L'embarqué > Normes & spécifications > Architecture > Un projet mené par Airbus vise à intégrer des charges utiles photoniques dans les satellites de télécommunication

Un projet mené par Airbus vise à intégrer des charges utiles photoniques dans les satellites de télécommunication

Publié le 19 mars 2018 à 09:31 par Pierrick Arlot        Architecture

Photonique Satellite

Le groupe Airbus, à travers sa division Airbus Defence and Space, a lancé le projet Optima afin de développer un démonstrateur de charge utile photonique pour les satellites de télécommunication.

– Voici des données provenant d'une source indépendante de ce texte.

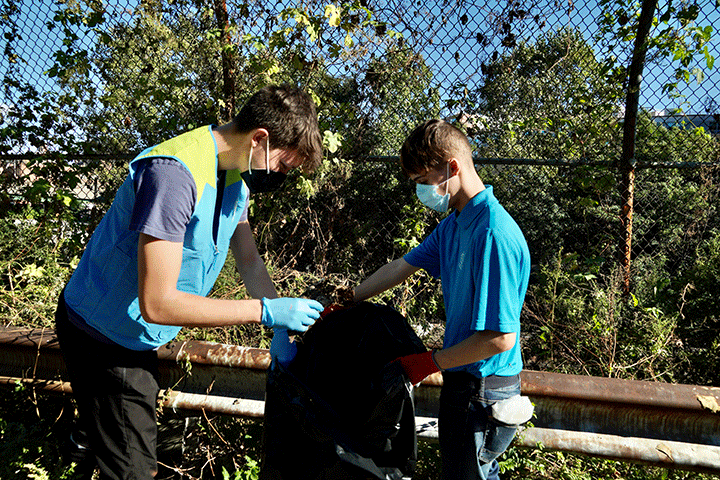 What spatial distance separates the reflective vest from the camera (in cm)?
158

Financé par la Commission européenne dans le cadre du programme Horizon 2020, ce projet vise à répondre aux défis posés par l’augmentation des capacités satellitaires requise pour que ces dernières restent en ligne avec l’évolution des communications terrestres dans un monde connecté à l’échelle du globe.

La photonique, qui a en effet largement contribué à la révolution des technologies de l’information dans les applications au sol, est aujourd’hui considérée comme la technologie la plus prometteuse dans le domaine des satellites de communication dont la capacité doit augmenter sans que cela impacte négativement leur masse, leur dimension et leur consommation électrique. Selon Airbus, les charges utiles photoniques s’appuieront sur la lumière pour transférer via des fibres optiques les signaux à travers les engins spatiaux et remplaceront les actuelles technologies RF pour le développement de satellites à la fois plus puissants et plus éco-efficaces. Toutefois, des travaux d’adaptation non négligeables sont nécessaires pour apporter au secteur spatial les avantages des équipements photoniques utilisés au sol.

Dans le cadre du projet Optima, Airbus Defence and Space doit donc définir, assembler et tester un démonstrateur de charge utile photonique à partir de composants et équipements développés par les autres partenaires du projet (dont l’espagnol DAS Photonics, l’italien Cordon Electronics, le français Sodern, le laboratoire belge Imec et le britannique Polatis). Le démonstrateur pourrait être mis en orbite dès 2020. « En réunissant des partenaires industriels qui disposent de compétences et de savoir-faire complémentaires, nous développerons le projet Optima de telle sorte qu’il donne une feuille de route pour les technologies photoniques utilisables dans les satellites de télécommunication », précise Javad Anzalchi, chef de projet chez Airbus.